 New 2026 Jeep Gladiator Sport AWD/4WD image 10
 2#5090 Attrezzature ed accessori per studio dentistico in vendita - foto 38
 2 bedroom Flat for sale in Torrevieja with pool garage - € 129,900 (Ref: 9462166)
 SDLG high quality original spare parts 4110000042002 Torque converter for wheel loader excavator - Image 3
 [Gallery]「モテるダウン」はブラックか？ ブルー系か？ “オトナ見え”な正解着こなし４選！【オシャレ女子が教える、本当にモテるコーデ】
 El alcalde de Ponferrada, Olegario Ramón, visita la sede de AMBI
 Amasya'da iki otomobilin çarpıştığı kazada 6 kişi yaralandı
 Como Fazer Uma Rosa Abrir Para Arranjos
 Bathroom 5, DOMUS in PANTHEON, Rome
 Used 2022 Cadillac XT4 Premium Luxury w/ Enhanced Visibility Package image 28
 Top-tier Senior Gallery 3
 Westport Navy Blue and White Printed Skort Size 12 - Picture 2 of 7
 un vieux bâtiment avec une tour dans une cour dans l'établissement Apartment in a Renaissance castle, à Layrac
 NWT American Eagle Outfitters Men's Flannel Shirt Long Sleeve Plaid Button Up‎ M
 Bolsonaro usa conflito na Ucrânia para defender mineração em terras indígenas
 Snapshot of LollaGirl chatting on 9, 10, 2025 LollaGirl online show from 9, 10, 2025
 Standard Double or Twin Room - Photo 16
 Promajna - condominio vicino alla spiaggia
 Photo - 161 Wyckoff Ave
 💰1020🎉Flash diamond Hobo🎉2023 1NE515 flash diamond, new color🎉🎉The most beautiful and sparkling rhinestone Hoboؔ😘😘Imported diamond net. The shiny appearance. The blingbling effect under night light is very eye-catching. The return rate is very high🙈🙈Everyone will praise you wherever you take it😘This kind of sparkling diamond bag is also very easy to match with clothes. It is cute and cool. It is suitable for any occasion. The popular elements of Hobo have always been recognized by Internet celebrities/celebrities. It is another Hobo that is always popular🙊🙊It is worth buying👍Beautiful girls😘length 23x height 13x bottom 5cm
· · ·
Exercise
Sift through the entries and copy every line with "Gallery".

Response
 [Gallery]「モテるダウン」はブラックか？ ブルー系か？ “オトナ見え”な正解着こなし４選！【オシャレ女子が教える、本当にモテるコーデ】
 Top-tier Senior Gallery 3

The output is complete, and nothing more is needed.